*** Opening of Data under study ***

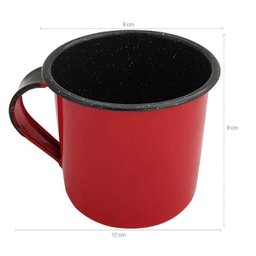 Caneca Esmaltada Xícara de Café Chá 400ml Caneca Agata Caneca Vermelha - 3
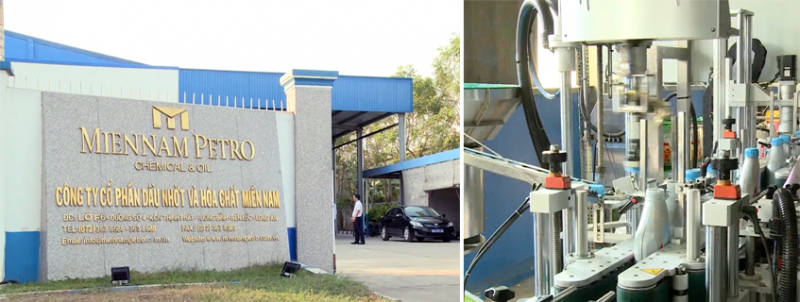 Nhà máy Miennampetro có công suất thiết kế hơn 25.000 tấn/năm, dây chuyền chiết rót tự động cho ra hơn 300 sản phẩm khác nhau. Ảnh: Miennampetro.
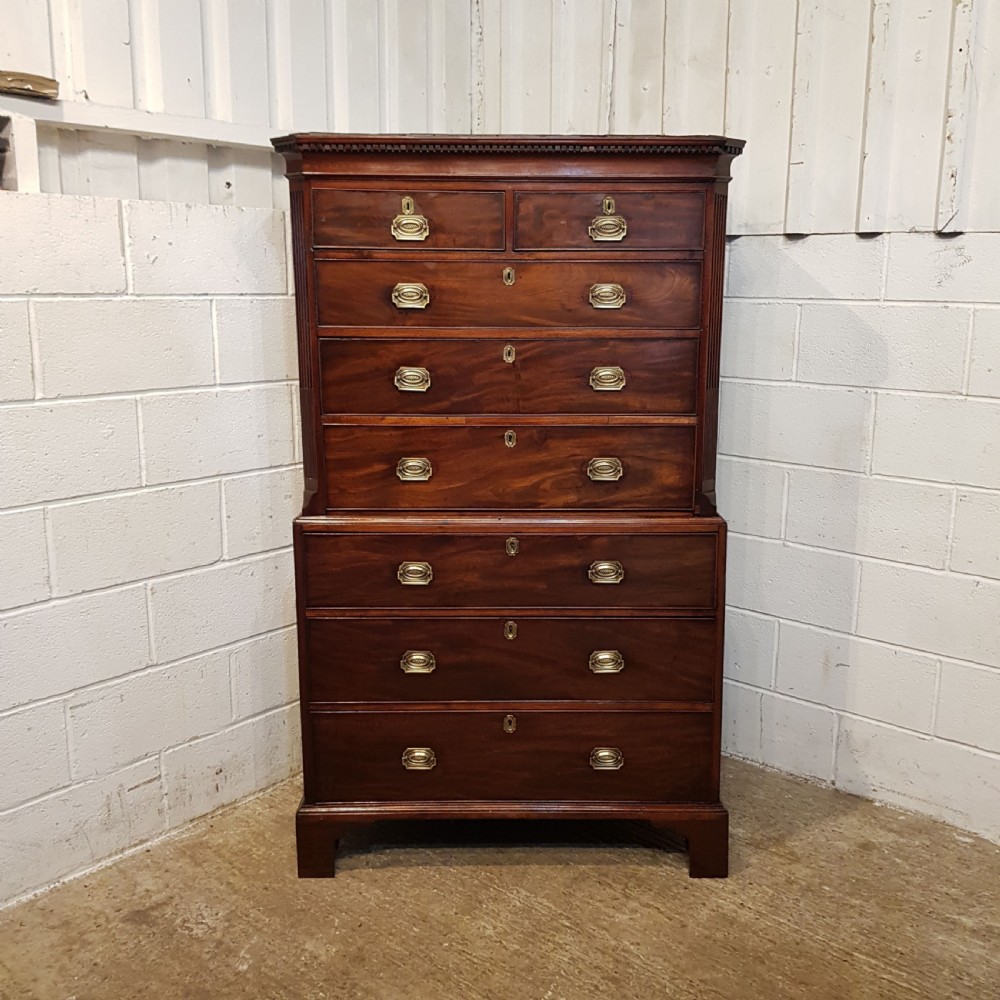 ANTIQUE 18TH CENTURY MAHOGANY CHEST ON CHEST.  C1780 View VIII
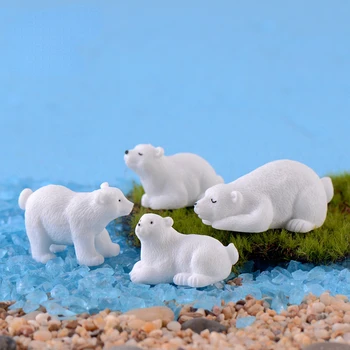 1pc Mini Biely Medveď Ľadový Medveď Figúrky Živice Remesiel Simulácie Zvieracích Domova Micro Krajiny Záhrada Miniatúry Príslušenstvo
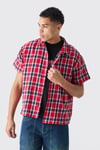 Men's Boxy Short Sleeve Back Vent Check Shirt - Multi - M, Multi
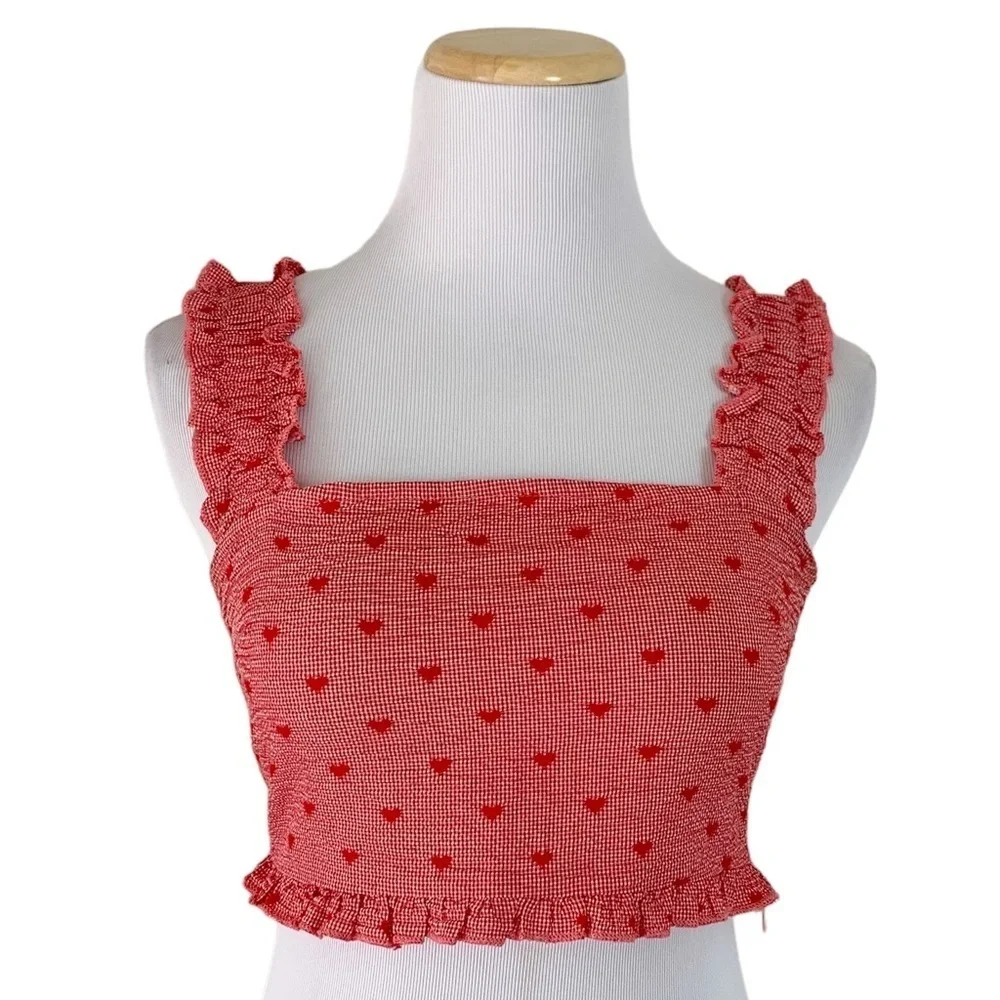 Cider Gingham Check Heart Crop Top Size Small Red - Picture 1 of 12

*** Close of Data under study ***

**Task brief**
Before writing out the material above, please remove its pictures; everything else stays exact.

**Task response**
 Caneca Esmaltada Xícara de Café Chá 400ml Caneca Agata Caneca Vermelha - 3
 Nhà máy Miennampetro có công suất thiết kế hơn 25.000 tấn/năm, dây chuyền chiết rót tự động cho ra hơn 300 sản phẩm khác nhau. Ảnh: Miennampetro.
 ANTIQUE 18TH CENTURY MAHOGANY CHEST ON CHEST.  C1780 View VIII
 1pc Mini Biely Medveď Ľadový Medveď Figúrky Živice Remesiel Simulácie Zvieracích Domova Micro Krajiny Záhrada Miniatúry Príslušenstvo
 Men's Boxy Short Sleeve Back Vent Check Shirt - Multi - M, Multi
 Cider Gingham Check Heart Crop Top Size Small Red - Picture 1 of 12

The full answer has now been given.